Title :
Locality-aware data replication in the Last-Level Cache
Author :
Kurian, George ; Devadas, Srinivas ; Khan, Omar
Author_Institution :
Massachusetts Inst. of Technol., Cambridge, MA, USA
Abstract :
Next generation multicores will process massive data with varying degree of locality. Harnessing on-chip data locality to optimize the utilization of cache and network resources is of fundamental importance. We propose a locality-aware selective data replication protocol for the last-level cache (LLC). Our goal is to lower memory access latency and energy by replicating only high locality cache lines in the LLC slice of the requesting core, while simultaneously keeping the off-chip miss rate low. Our approach relies on low overhead yet highly accurate in-hardware run-time classification of data locality at the cache line granularity, and only allows replication for cache lines with high reuse. Furthermore, our classifier captures the LLC pressure at the existing replica locations and adapts its replication decision accordingly. The locality tracking mechanism is decoupled from the sharer tracking structures that cause scalability concerns in traditional coherence protocols. Moreover, the complexity of our protocol is low since no additional coherence states are created.
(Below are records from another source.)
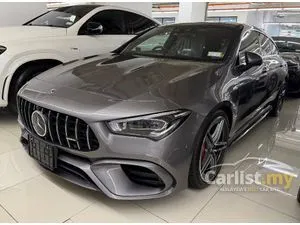 2022 Mercedes-Benz AMG CLA45 2.0 S 4MATIC+ Shooting Brake Wagon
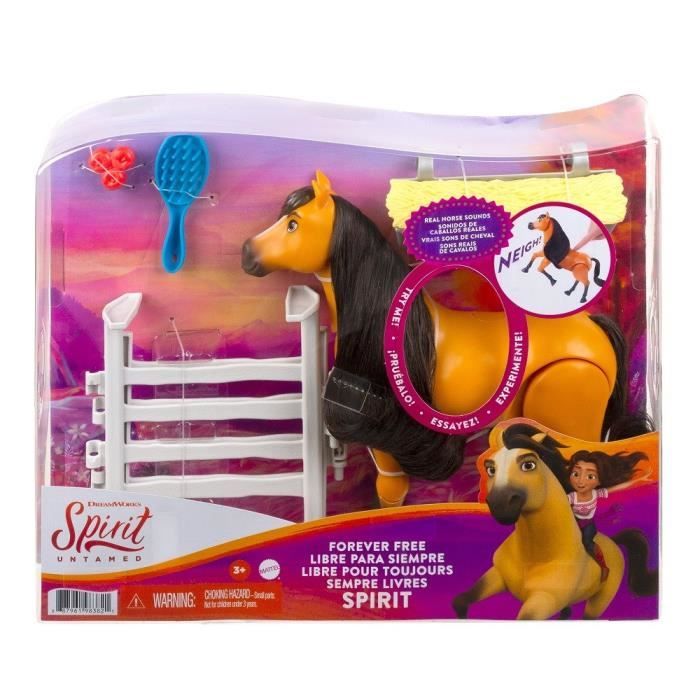 Mattel horse hotsell toy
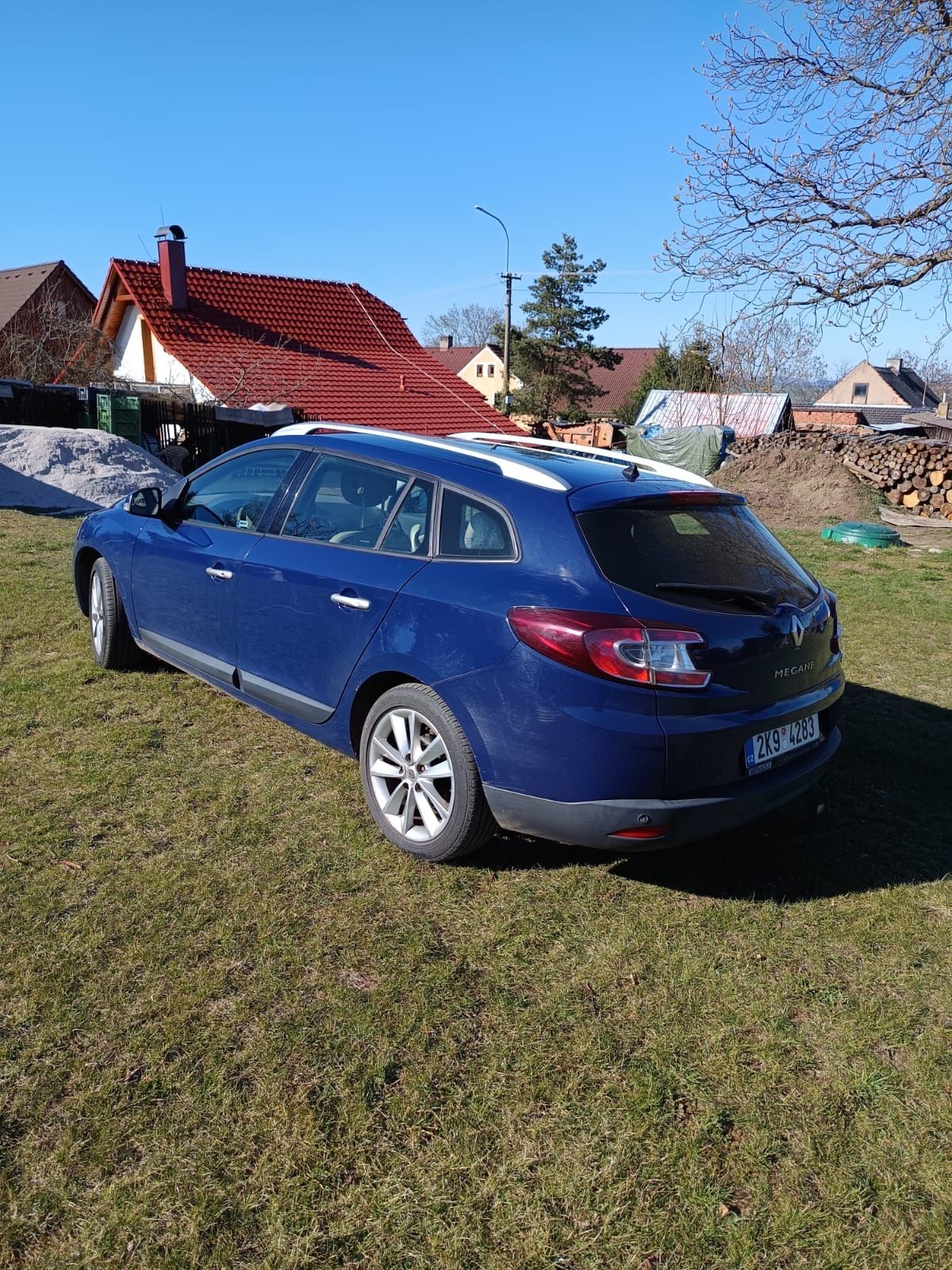 Renault Mégane, 1.9 DCI - fotka 2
On a set of parallel benchmarks, our protocol reduces the overall energy by 16%, 14%, 13% and 21% and the completion time by 4%, 9%, 6% and 13% when compared to the previously proposed Victim Replication, Adaptive Selective Replication, Reactive-NUCA and Static-NUCA LLC management schemes.
Keywords :
cache storage; pattern classification; resource allocation; storage management; tracking; LLC; cache line granularity; cache line replication; cache utilization optimization; coherence protocols; in-hardware run-time classification; last-level cache; locality cache lines; locality tracking mechanism; locality-aware data replication; locality-aware selective data replication protocol; memory access latency; network resource utilization optimization; next generation multicores; on-chip data locality; parallel benchmarks; protocol complexity; scalability concerns; sharer tracking structures; Coherence; Complexity theory; Multicore processing; Organizations; Protocols; Radiation detectors; System-on-chip;
Conference_Titel :
High Performance Computer Architecture (HPCA), 2014 IEEE 20th International Symposium on
Conference_Location :
Orlando, FL
DOI :
10.1109/HPCA.2014.6835921